To claim your free assessment, and a copy of our invaluable Proofamatics guide to grammar, punctuation, spelling and capitalisation, simply e-mail us on info@proofamatics.com with your name, company, address etc.

We have 100 to give away - first come, first served.

Thursday 2 August 2012

I hope you are well?

Just received an e-mail from a company which started with 'I hope you are well?' 


I suspect the writer didn't mean what he said. He was probably asking after my health, though goodness knows why - we've never met and I may work from my bed due to a congenital illness, for all he knows. (Have you noticed how call-centre calls all start with this unnecessary question? Thus making them even more annoying than they are). What the writer actually wrote was that his hoping was in question. Personally, I would caution him against exposing his inner doubts in this way. 

The e-mail was promoting a Professional Written Communication Skills Training Course. Nuff said.

Monday 23 July 2012

First and only

Tautological adspeak and poor at that. You can't be 'first and only'. When you were first, you were the only; if you are the only, then you were, and are, the first.

You might consider 'the first and still the only'. Don't: 'only' is sufficient here. However, 'still the only' works as a shorter, punchier, phrase and makes a point about your uniqueness and the lack of serious competition. And it's the same number of words as the first, incorrect effort.

There, that was easy, wasn't it?

A simple proofreading system

It isn't difficult to proofread but it can take time to do it efficiently - unless you have a system. Reading straight through the document and hoping for the best usually doesn't work that well. It leads to reading for comprehension and then you read what should be there, rather than what actually is there.

A simple system is required:

Concentrate You can't be on the phone, listening to the radio or having a conversation with colleagues and expect to be able to spot errors

Break up the text There are various ways of doing this. You could, for example, break the document into columns and read straight down each column; you could jump around the document reading 'blocks' of text (this is good for checking hard data such as values, quantities etc.); try reading the second half of the line before the first half (tricky, but effective)

Concentrate See above

Don't look for all types of errors at once There are too many types of errors to find them all in one go. Be prepared to scan the document two or even three times to find different sorts of errors. For example: hard data, then grammar, then typos

Concentrate Getting the message?

Finally, skim the full document Having found all, or most of the errors, read through the document, fast, to check that it makes good sense.
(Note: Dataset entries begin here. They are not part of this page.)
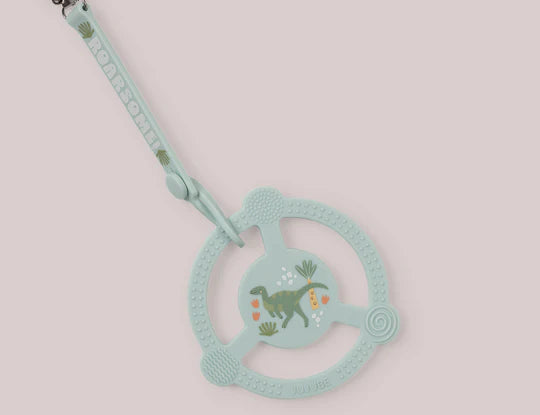 Jujube Roarsome Silicone Teether Ring, a sage green dinosaur-print teether with a pacifier clip
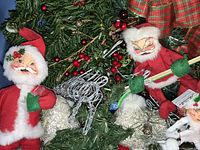 Photo showing two Annalee Santa dolls, one holding skis and ski poles, set among green pine garland and festive berries, silver wireframe decorations visible.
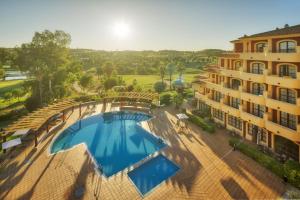 Una vista aérea de una piscina al lado de un edificio. en Ilunion Golf Badajoz, en Badajoz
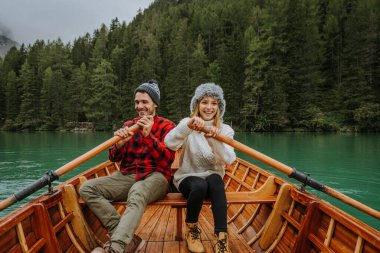 Braies, İtalya 'da bir dağ gölünü ziyaret eden genç ve güzel bir çift - sonbahar yaprakları arasında tatil yapan yürüyüş kıyafetli turistler - seyahat, yaşam tarzı ve seyahat tutkusu kavramları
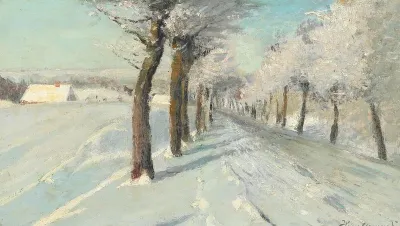 Snow covered landscape by a road.
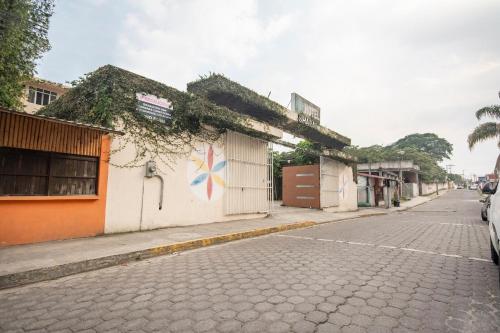 a street with a building on the side of a road at Hotel Spa Shalam in Coatepec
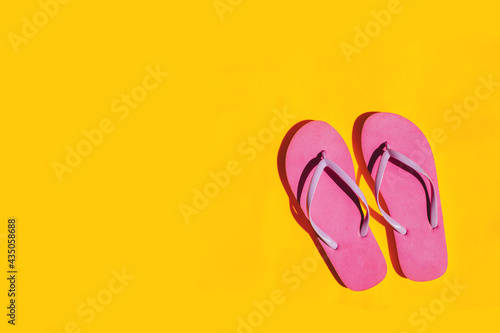 Pink flip flops on bright yellow background. Copy space.
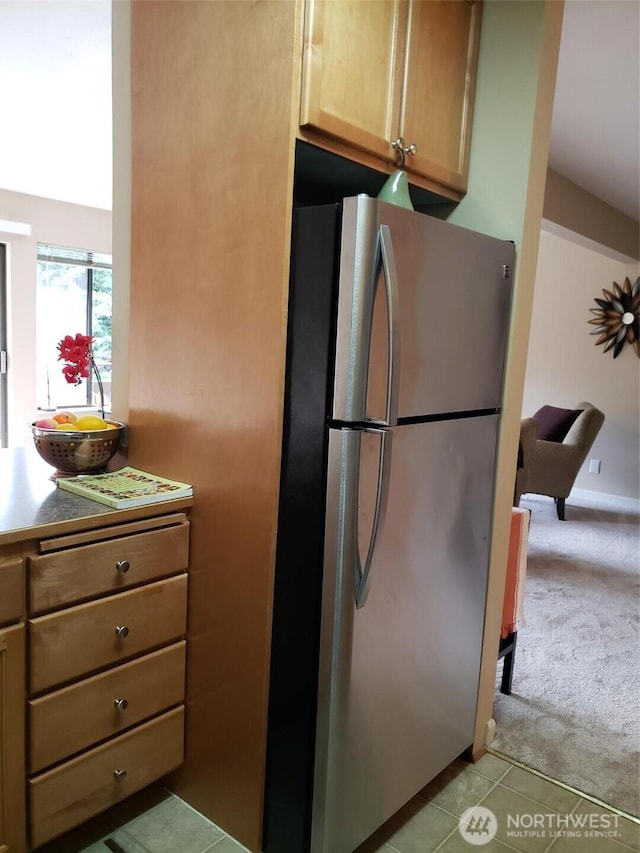 7924 212th St SW Unit 305, Edmonds, WA 98026 - kitchen with freestanding refrigerator, light colored carpet, and light tile patterned flooring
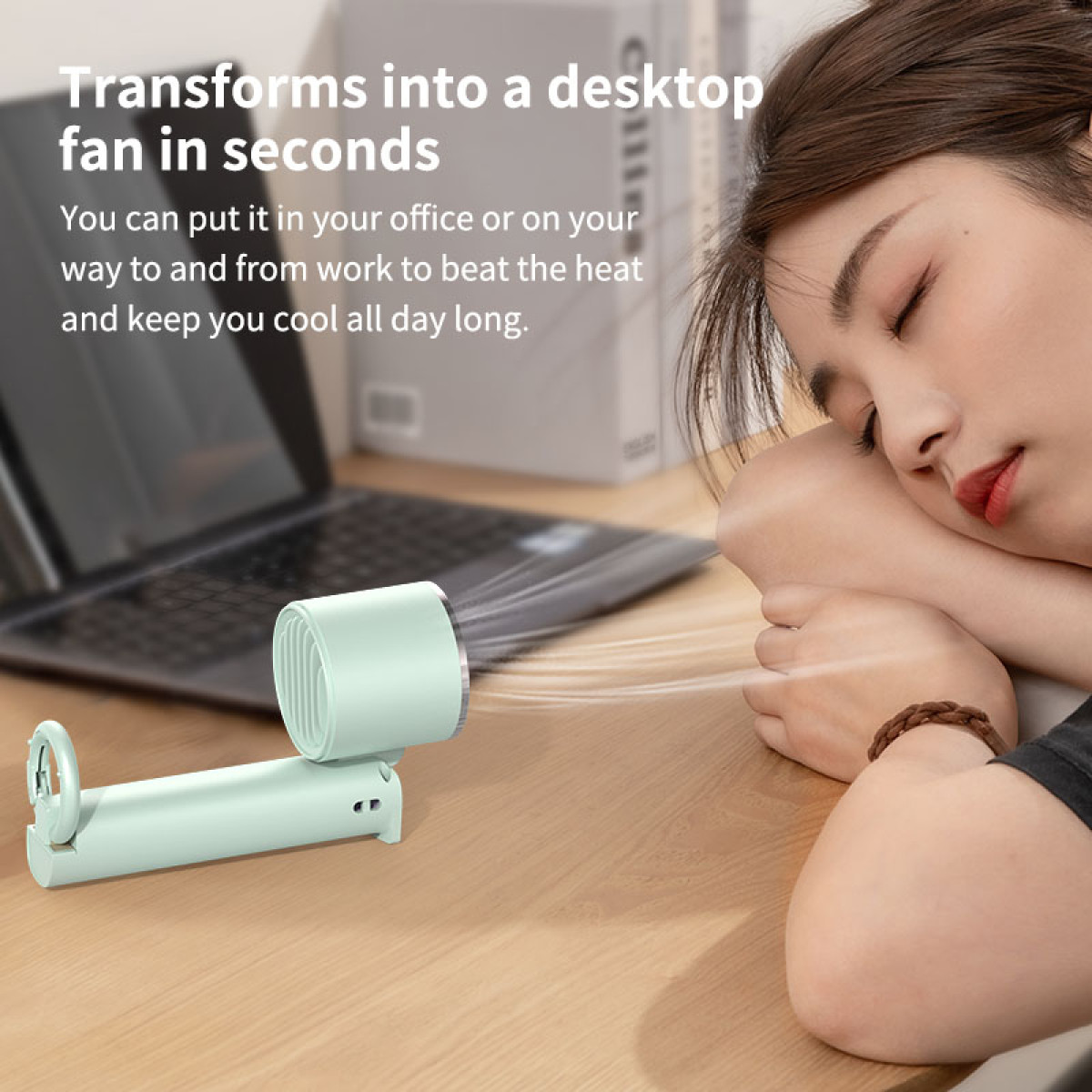 Vrouw die slaapt naast een mintgroene ventilator op een bureau. Laptop staat op het bureau. De tekst zegt: transformeert naar ventilator.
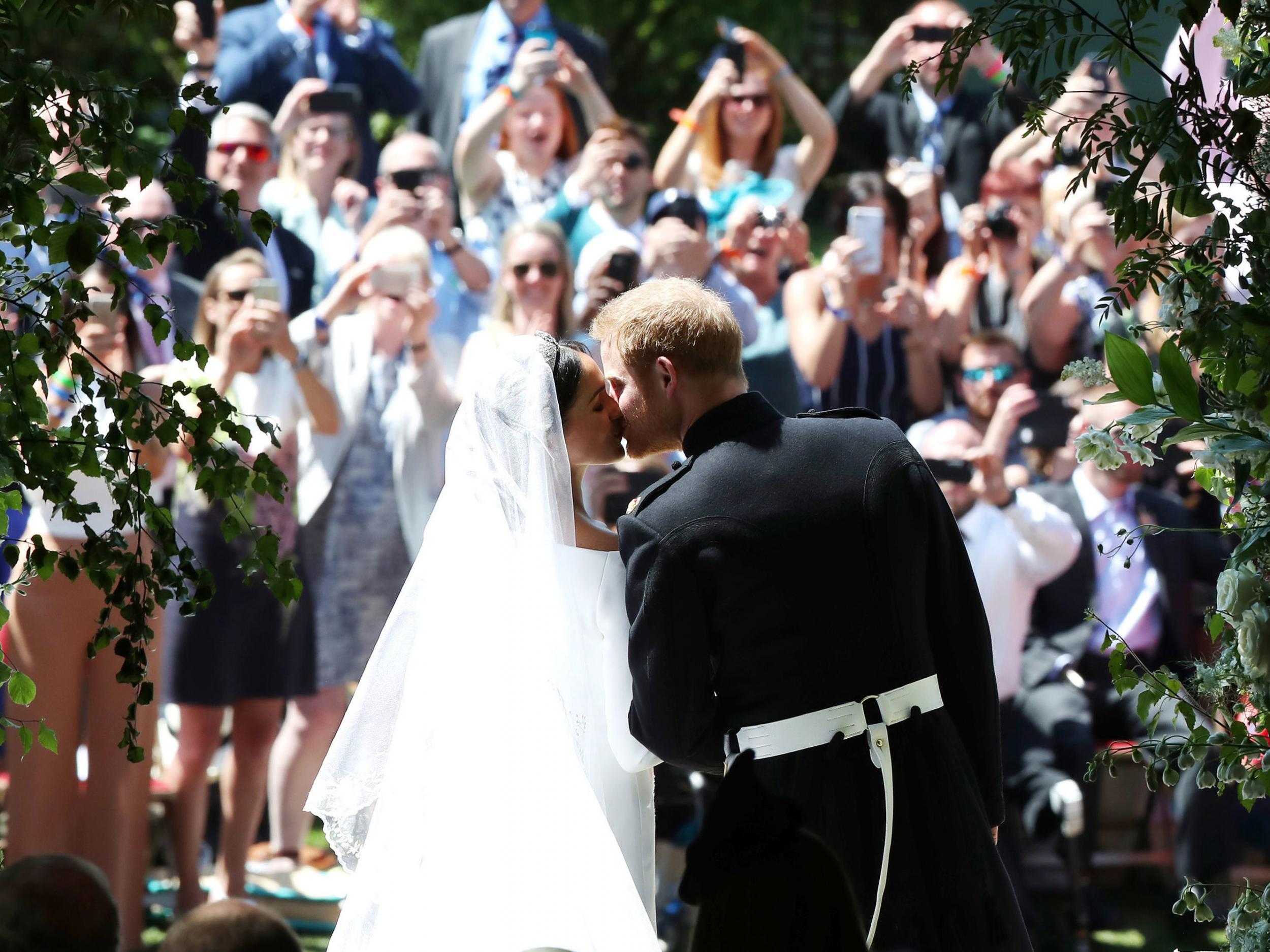 Prince Harry and Meghan Markle kiss on the steps of St George’s Chapel in Windsor Castle after their wedding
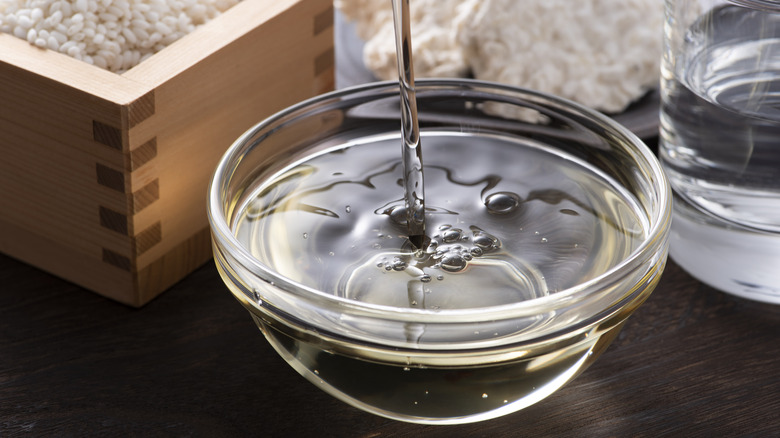 Mirin being poured into small glass bowl surrounded by rice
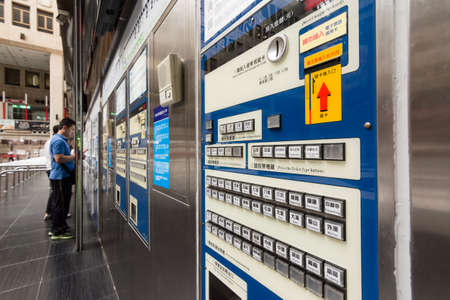 TAIPEI - JULY 4th : Tourists and tickets vending machine at Taipei Station in 4th, 2014 in Taipei,...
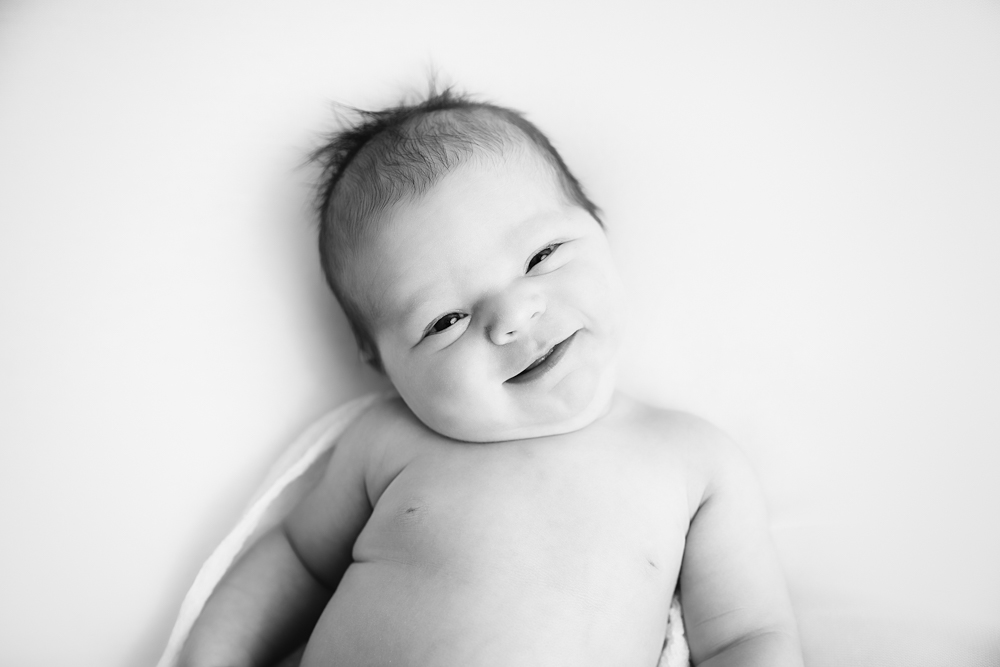 black and white image of a newborn smiling at the camera taken by Kimberly Kendall in Fairbanks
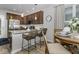 Modern kitchen features stainless steel appliances, granite counters, and a breakfast bar with barstool seating at 8568 Goldfinch Rd, Brownsburg, IN 46112
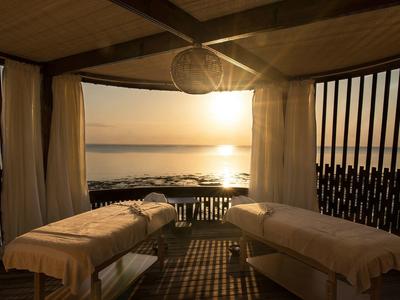 Zwei Massageliegen in einem Holzpavillon mit offenem Blick auf den Sonnenuntergang am Meer.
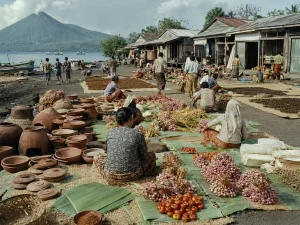 Ilustrasi pasar terbuka di tepi pantai berpasir gelap dengan gerabah tanah liat, ikatan bawang, daun pisang berisi hasil kebun, tikar penjemuran cengkeh, deretan ruko kayu beratap seng, dan perahu bercadik di latar gunung berapi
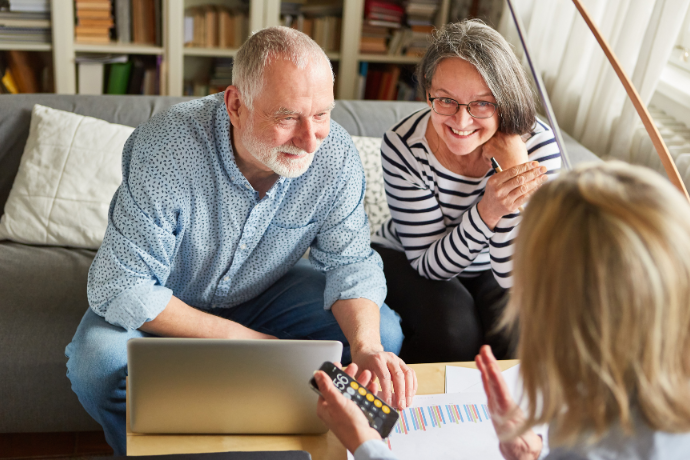 Older couple reviewing paperwork at home
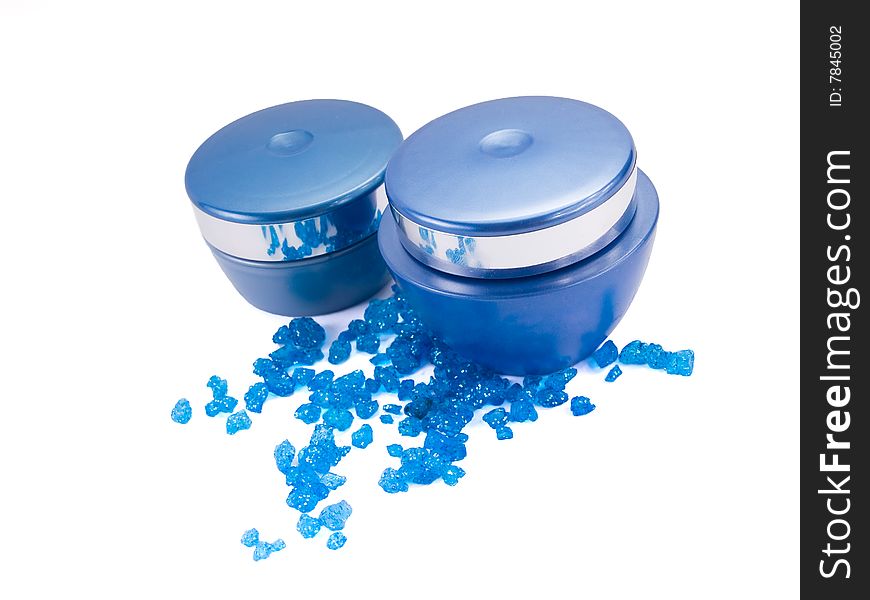 Creams and blue bath salt on a white background. Creams and blue bath salt on a white background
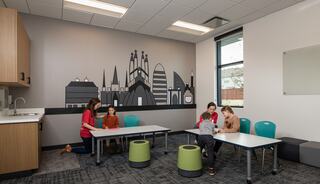A bright classroom features children working at tables, accompanied by adults. A mural of city buildings adorns one wall.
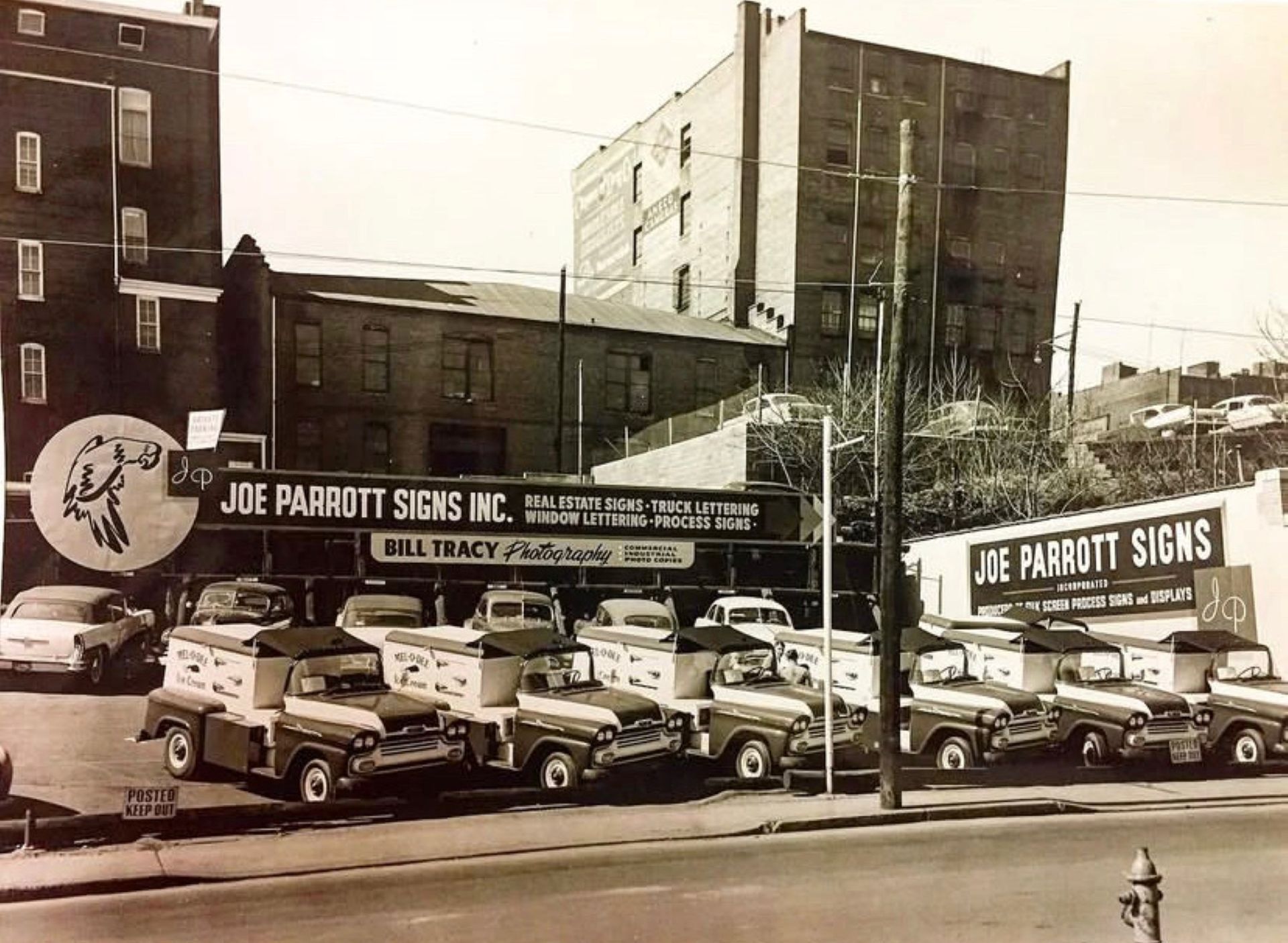 Joe Parrott Signs Inc. storefront with trucks parked out front.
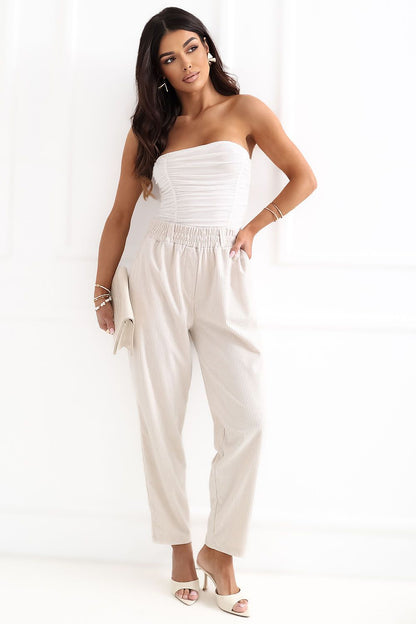 Model in white ribbed corduroy trousers 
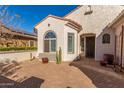 Brick paver courtyard with entrance to home and cacti at 6280 W Saratoga Way, Florence, AZ 85132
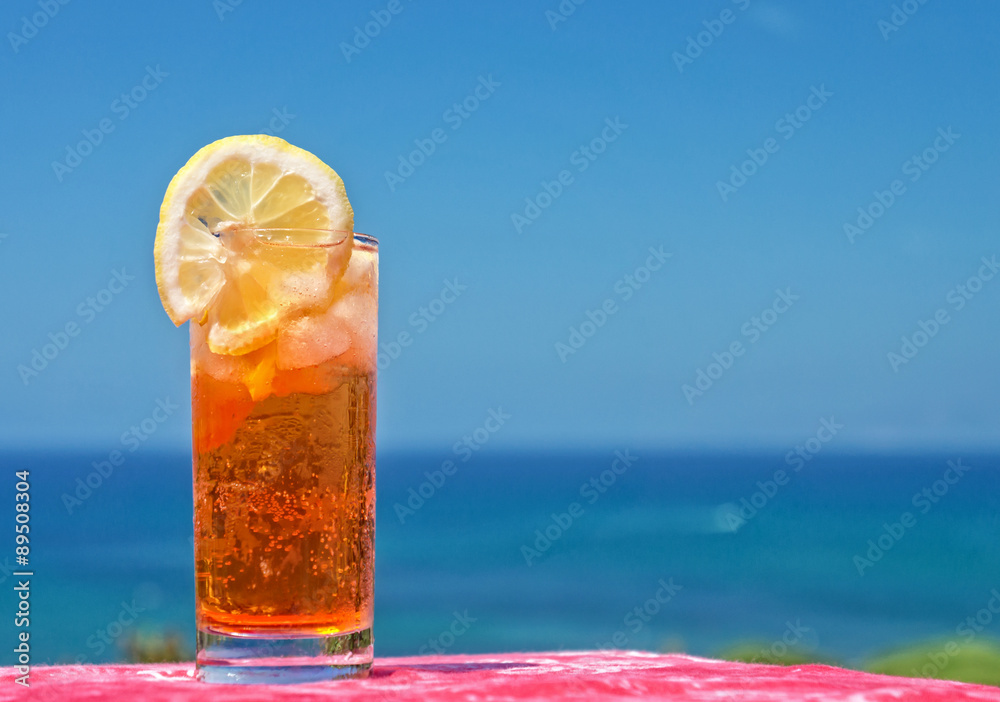 Cocktail drink in front of summer sea and sky background Cocktail drink in front of summer sea and sky background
And don't forget to c*********e.

Tuesday 22 May 2012

Homosexuals and Lesbians

The Daily Telegraph @telegraphnews obviously doesn't know its Latin from its Greek. On the front page today it refers to 'homosexuals and lesbians'. As 'homo' in this word comes from the Greek meaning 'same' (think homophone or homonym) not from the Latin meaning 'man' (think 'ecce homo') then it is fairly clear that 'homosexual' means 'of the same sex' and includes both male and female - and what they have written equates to saying 'readers and women'. (Mark you, deep in Charles Moore's empire, they may well think in those terms.)
This does, of course raise the question of what word to use for homosexual men that equates to 'lesbian' for homosexual women. 'Gay men' doesn't really work as one can equally say 'gay women' and I think, trust, hope and pray that we've moved from 'raging queen'. Maybe we have to bow to one of the numerous Daily Telegraph articles about women taking over the world, getting the best jobs and making men into second-class citizens - they won't even let us have a word to describe 10% (allegedly) of the male population!

Thursday 12 January 2012

Waterstone?s

A further nail in the coffin of the apostrophe? Waterstone's, a purveyor of books on all subjects - including English grammar and punctuation - has decided to drop the apostrophe from its name to make it easier for users in this digital age. One can only assume that they are busy tearing pages out of the grammar books they purvey and that their usually educated and helpful staff are being put through emergency English lessons.
Howls of horror from the Apostrophe Protection Society, as is only right but, one suspects, not much other negative reaction as few people actually know the rules and, it seems, even fewer care.
Perhaps Mr Daunt, the current MD, comes from Birmingham where they decided to drop the apostrophe from all road names a couple of years ago.
Three cheers for the march of progress, then?